Esta ola de tsunami que amenaza con anegar la poca credibilidad que le queda a la Justicia nació en una marejada de malestar que los populares sintieron una vez llegó al poder Aznar. Cuando el PP llegó al poder se sentía agraviado por el hecho de que, según afirmaban, los progresistas tuvieran copados los principales tribunales y, también, los medios de comunicación. Ambas preocupaciones han ido un poco a la par puesto que interactuaban entre ellas y porque en ambos casos los populares creían con fe de comulgantes en una supuesta eficacia de la ley de la aguja hipodérmica, es decir, que inyectando en la sociedad los dogmas en los que ellos creen, ésta terminará por volverse a su imagen y semejanza. No tienen más que ver lo que han hecho con RTVE o de lo que acusan a TV3 o a la enseñanza catalana. Para ellos, controlar los inputs es cosechar los outputs.
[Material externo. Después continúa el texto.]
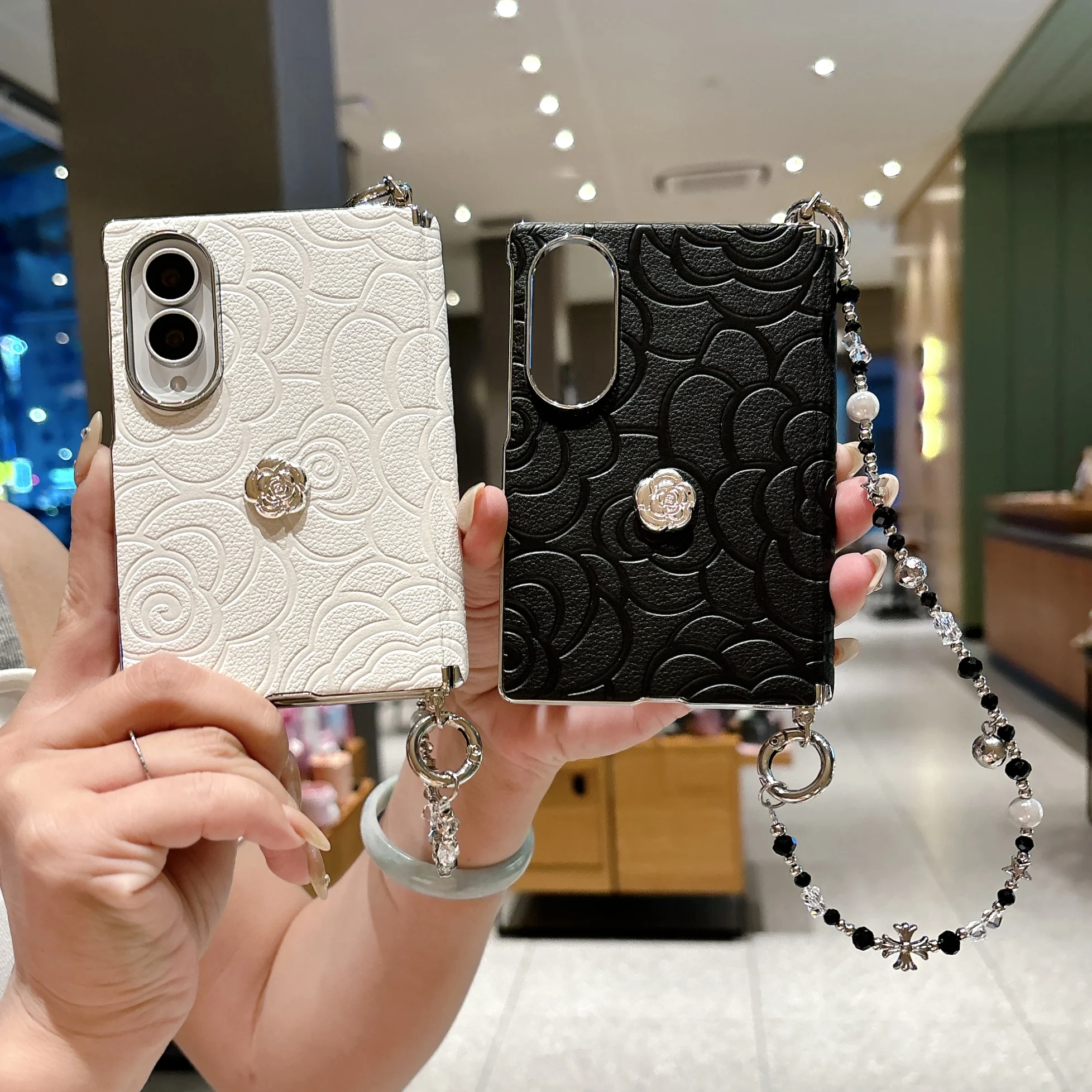 Фото Модный 3D-чехол из кожи с тиснением камелии для Samsung Z Fold 8 ZFold8, защита шарнира, тонкий, приятный на ощупь, с ремешком на руку №1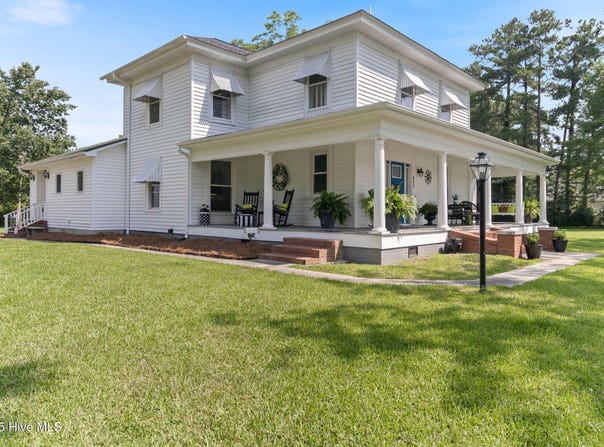 633 Lizzard Slip Road, Washington, NC 27889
Cuando Aznar llegó al poder, sus dientes rechinaban ante el reinado judicial de los Siro García y los Clemente Auger en la Audiencia Nacional y consideraba que los progresistas habían copado los destinos de juez de Vigilancia Penitenciaria y otros muchos agravios que ellos veían en lo que consideraban una falta de mano dura con el terrorismo que ellos estaban llamados a solventar. Aznar no pudo hacerse con un CGPJ a su imagen y semejanza hasta 2004 cuando obtuvo un consejo gobernado por Hernando y con 11 vocales claramente conservadores que comenzaron a pasar el rodillo que tanto deseaban. Entre esos vocales se encontraban tanto Enrique López -el niño mimado apartado del enjuiciamiento de Gürtel por recusación- como Juan Pablo González, el nuevo miembro del tribunal de Papeles de Bárcenas, tras la maniobra gubernativa de Espejel.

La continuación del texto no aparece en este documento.